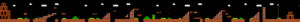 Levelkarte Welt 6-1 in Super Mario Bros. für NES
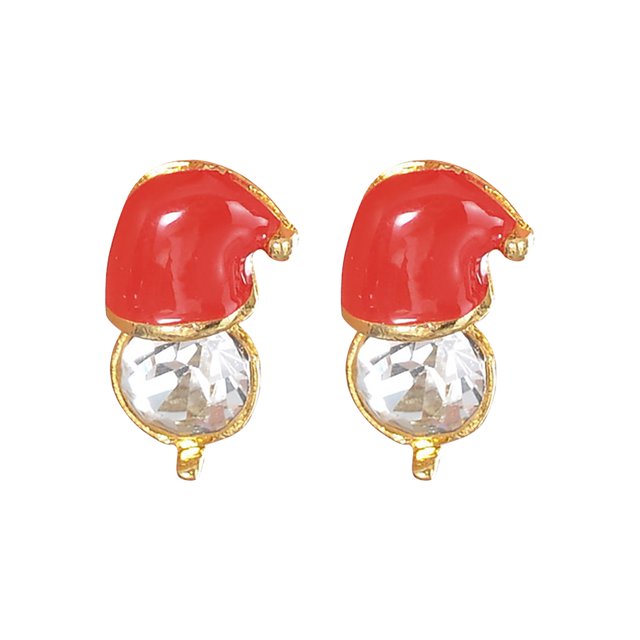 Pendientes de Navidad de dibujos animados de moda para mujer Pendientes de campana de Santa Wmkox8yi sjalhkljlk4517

* * *

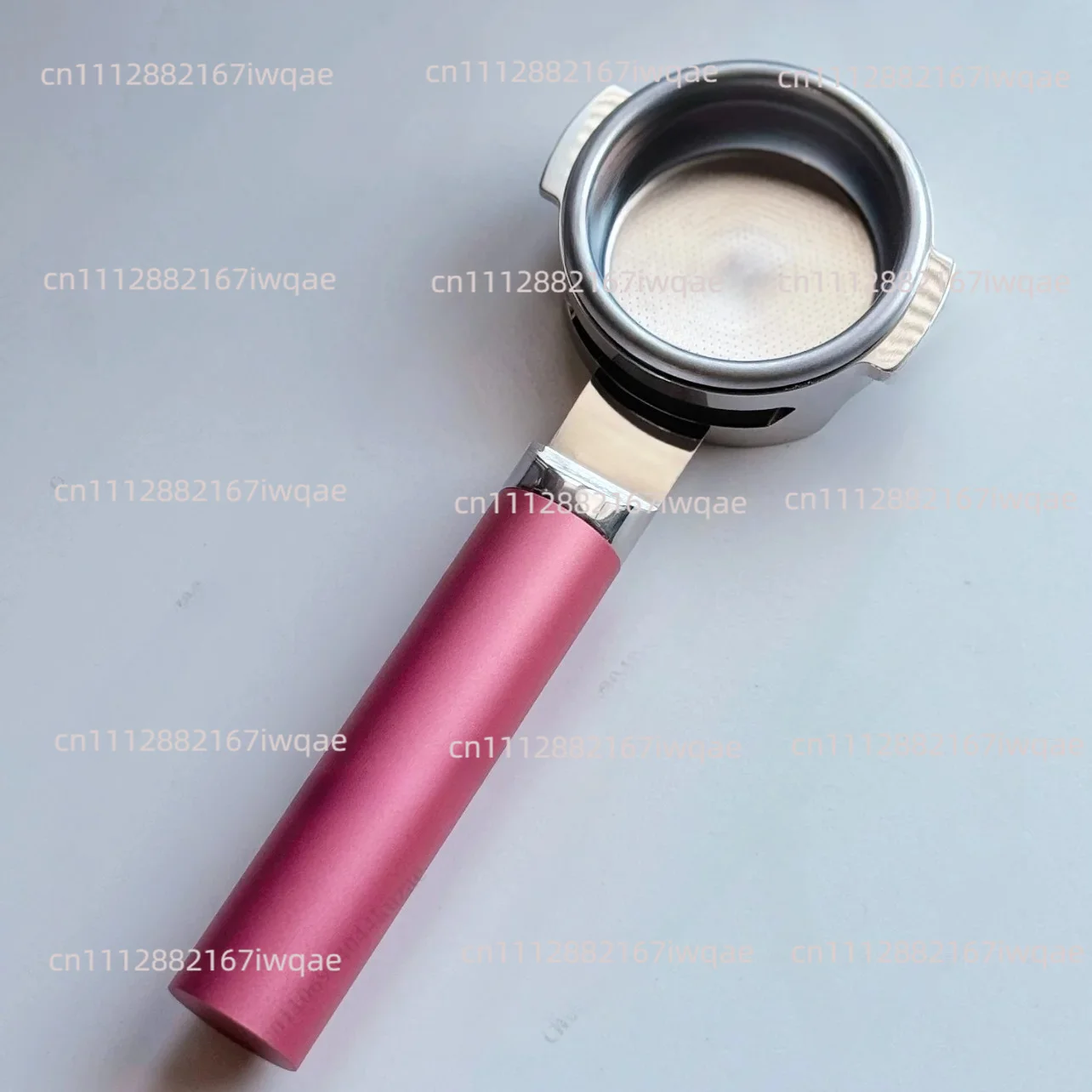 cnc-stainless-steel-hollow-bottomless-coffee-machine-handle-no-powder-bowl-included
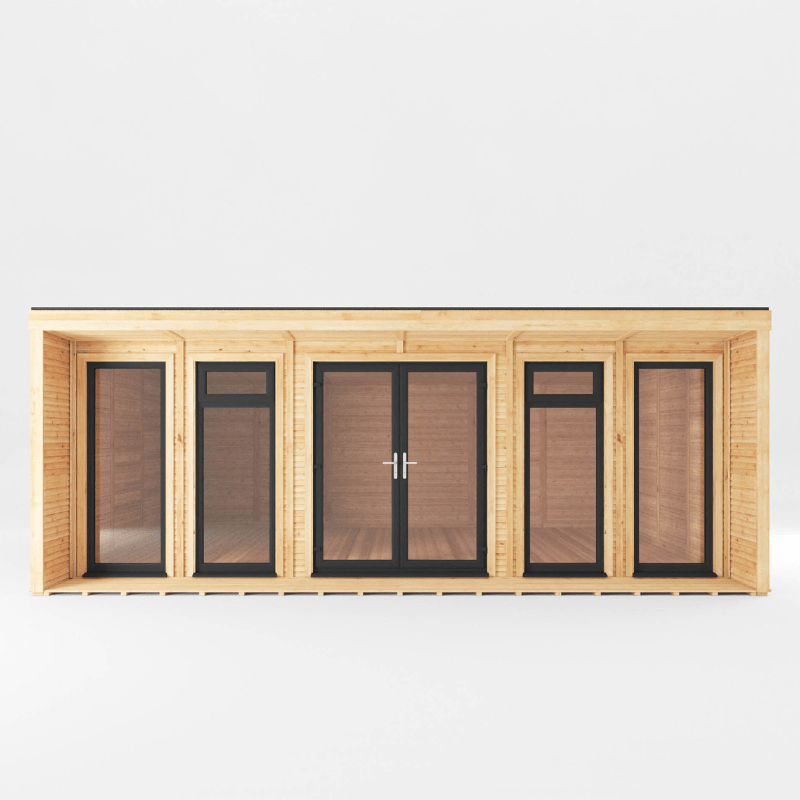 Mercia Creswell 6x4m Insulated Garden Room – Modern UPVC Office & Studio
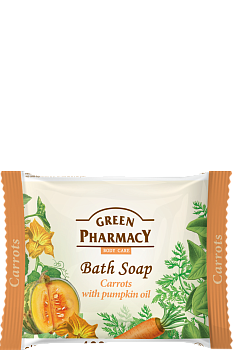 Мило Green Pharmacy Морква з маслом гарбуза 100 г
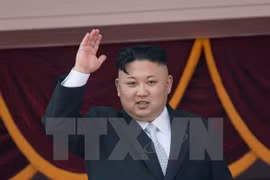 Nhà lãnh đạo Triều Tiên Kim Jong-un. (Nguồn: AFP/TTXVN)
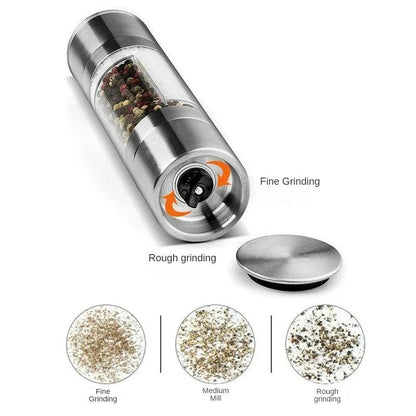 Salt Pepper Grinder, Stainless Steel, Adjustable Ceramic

* * *

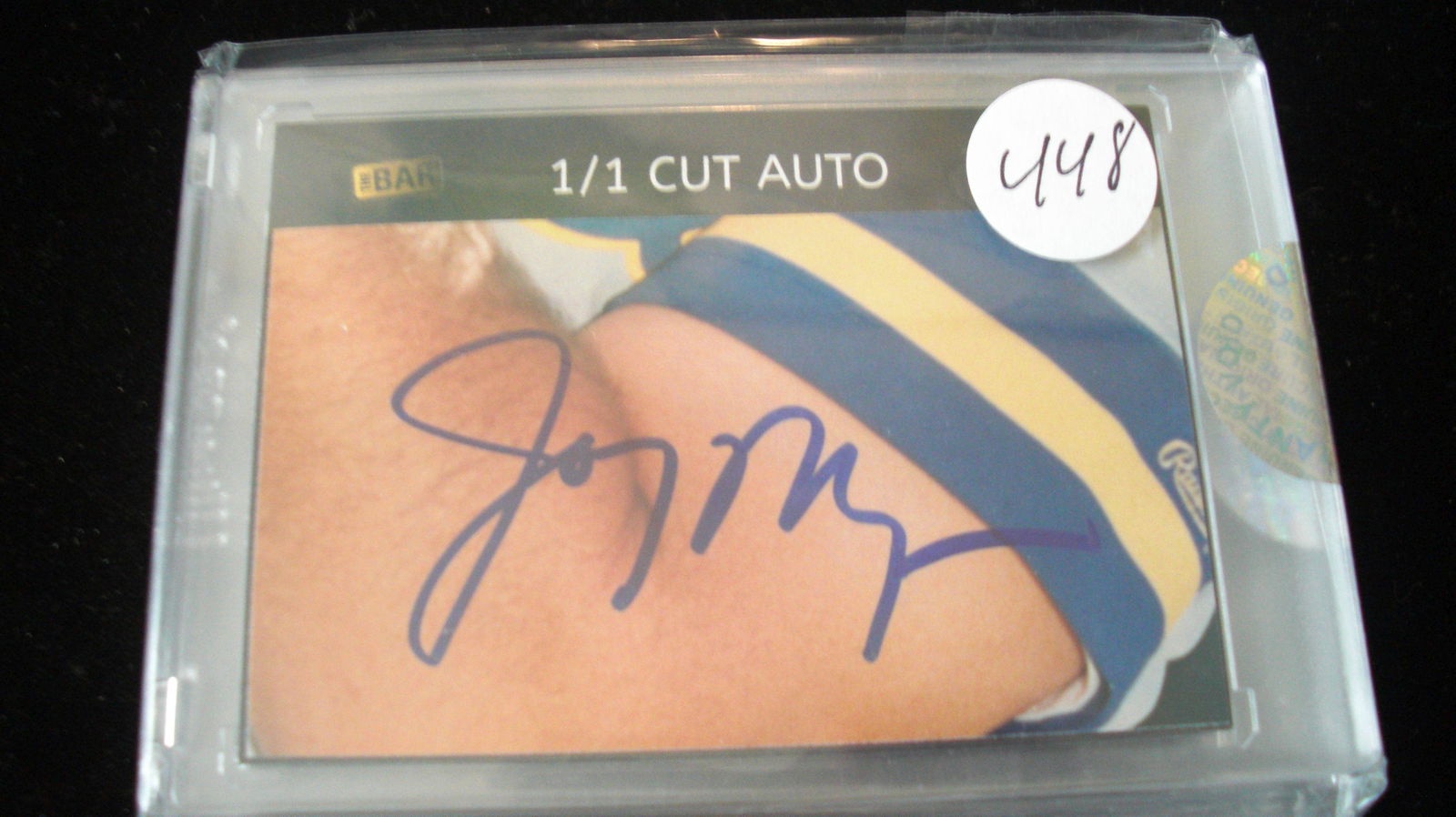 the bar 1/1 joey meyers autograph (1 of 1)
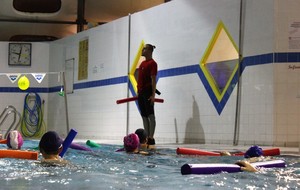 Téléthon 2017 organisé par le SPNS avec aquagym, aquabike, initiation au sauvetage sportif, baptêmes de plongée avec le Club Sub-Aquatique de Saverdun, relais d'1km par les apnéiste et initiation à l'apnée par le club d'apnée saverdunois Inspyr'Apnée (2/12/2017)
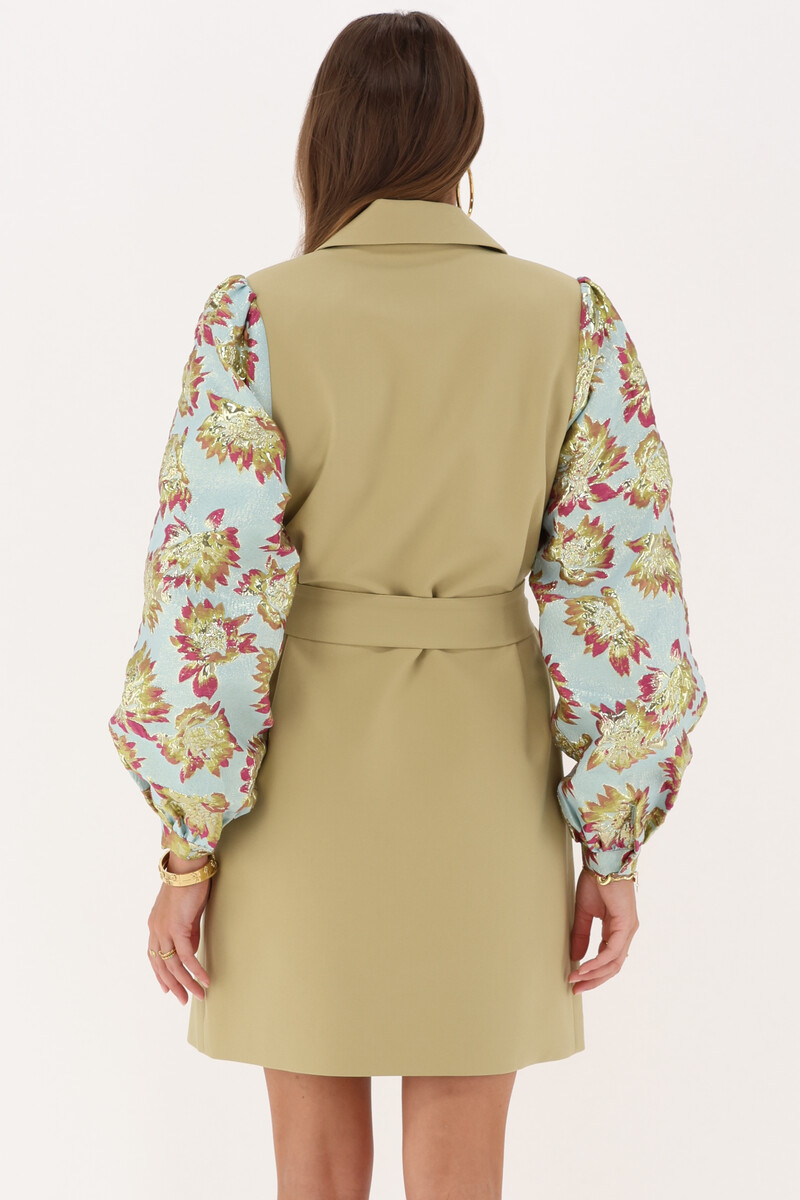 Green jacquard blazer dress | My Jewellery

▸ **What the exercise asks**
From the listing above, please give again the lines that begin with the line holding "Levelkarte Welt 6-1" and go on through the line holding "Pendientes de Navidad", exactly, both ends included, minus any picture.

▸ **Response**
 Levelkarte Welt 6-1 in Super Mario Bros. für NES
 Pendientes de Navidad de dibujos animados de moda para mujer Pendientes de campana de Santa Wmkox8yi sjalhkljlk4517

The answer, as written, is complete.